◆ **Information shown**

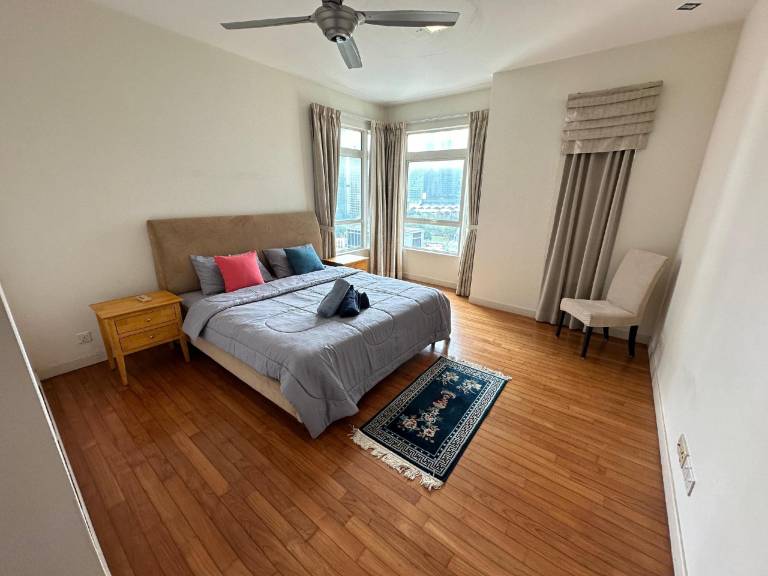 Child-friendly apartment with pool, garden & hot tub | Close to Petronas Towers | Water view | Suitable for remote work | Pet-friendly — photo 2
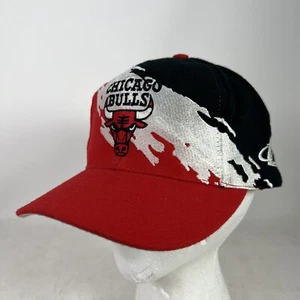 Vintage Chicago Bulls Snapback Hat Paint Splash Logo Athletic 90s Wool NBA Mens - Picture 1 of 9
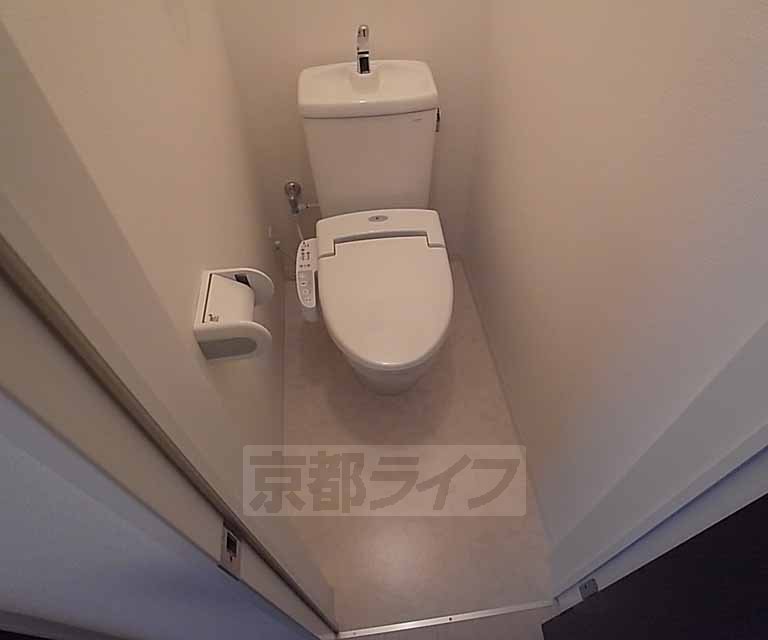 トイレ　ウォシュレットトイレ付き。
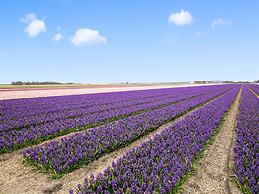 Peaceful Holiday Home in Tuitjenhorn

◆ **Problem details**
What you hand back should match the listing exactly, except that no pictures appear.

◆ **Exercise response**
 Child-friendly apartment with pool, garden & hot tub | Close to Petronas Towers | Water view | Suitable for remote work | Pet-friendly — photo 2
 Vintage Chicago Bulls Snapback Hat Paint Splash Logo Athletic 90s Wool NBA Mens - Picture 1 of 9
 トイレ　ウォシュレットトイレ付き。
 Peaceful Holiday Home in Tuitjenhorn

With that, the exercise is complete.